Having a premature and seriously ill baby is worrying at the best of times, but doing so at the start of a pandemic presents a whole new set of issues. Beauty brand founder Joy Isaacs' fourth son Jax was born six weeks early, just before the UK went into lockdown, weighing only 1.5kg after suffering from restricted growth in the womb.
"I felt extremely anxious, especially when there were unanswered questions as to why my baby was not growing," recalls Joy. "Lockdown hit when we were still in hospital. Initially, I was relieved to be able to stay with him but then it became a double-edged sword trying to keep myself safe from the virus and worrying if I did catch it would I be separated from him?"
When he arrived in the world, he was diagnosed with a rare chromosome disorder which causes a type of neonatal diabetes. With dangerously high blood sugar, little Jax was very dehydrated. Joy and her husband were told to prepare for the worst.
At the time, the NHS was not routinely using PPE and this added to Joy's concern, knowing the protection it could afford her and Jax, yet needing to accept their help even without PPE in place. Once lockdown was in place, PPE did become routine but visitors weren't allowed in. "Those were very difficult weeks stuck on the ward without much privacy and using the canteen and vending machines for food. My husband could drop essentials off at the front door of the hospital for me but he couldn't come in.
She couldn't see her other children either, three boys aged 11,16 and 17. "I missed one of my boys’ birthdays which was very difficult and sad and it was hard to field their questions around when I would be home as I really had no idea when Jax would be well enough for discharge."
"I remember one particular week in lockdown which was extremely difficult as Jax's condition wasn’t improving and after many tests the doctors said that they were at a dead-end," Joy says. "I felt helpless like there was no end in sight and nothing to hold on to. I had to stay grateful that I could be with him as there were other babies on the ward separated from their parents due to circumstances around Covid and the lockdown."

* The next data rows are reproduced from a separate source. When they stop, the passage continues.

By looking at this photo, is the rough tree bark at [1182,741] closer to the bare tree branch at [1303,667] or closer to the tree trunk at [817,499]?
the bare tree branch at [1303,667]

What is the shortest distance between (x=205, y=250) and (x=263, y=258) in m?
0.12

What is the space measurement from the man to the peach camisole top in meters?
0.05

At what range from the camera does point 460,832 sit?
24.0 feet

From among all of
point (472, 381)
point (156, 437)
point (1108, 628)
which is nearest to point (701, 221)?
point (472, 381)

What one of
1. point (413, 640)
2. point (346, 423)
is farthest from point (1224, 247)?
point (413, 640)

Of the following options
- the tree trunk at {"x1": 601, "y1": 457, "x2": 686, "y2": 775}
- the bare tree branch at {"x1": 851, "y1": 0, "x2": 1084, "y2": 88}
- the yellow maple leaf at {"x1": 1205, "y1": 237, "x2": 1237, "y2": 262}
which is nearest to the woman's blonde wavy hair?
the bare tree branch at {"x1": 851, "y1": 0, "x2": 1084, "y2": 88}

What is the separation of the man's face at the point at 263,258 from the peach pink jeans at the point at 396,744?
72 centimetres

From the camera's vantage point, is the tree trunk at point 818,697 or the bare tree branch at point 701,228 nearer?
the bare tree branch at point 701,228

Joy and Jax lived in hospital for almost three months witnessing first-hand the physical and emotional toll the pandemic was taking on frontline staff wearing PPE. "Everyone we met was so caring and professional and without them, Jax would not be here today. There was one particular ward sister who even though she was drowning in the restructuring all the hospitals were going through to accommodate Covid19, she championed Jax’s case with tenacity and helped to get him into a strong position that allowed us to be discharged."
Jax is now home with his three brothers and is thriving. "We do hospital appointments via video conference and they are so pleased with his progress," says Joy.
While in hospital, Joy noticed to what extent the NHS staff's hands were suffering from the constant washing and sanitizing. As the founder of Argentum Apothecary a skincare brand with a powerful healing ingredient, she wanted to give back.
She set about gifting £1million worth of the brand's hero product La Potion Infinie , a day and night cream formulated with antioxidant colloidal silver which speeds up tissue regeneration.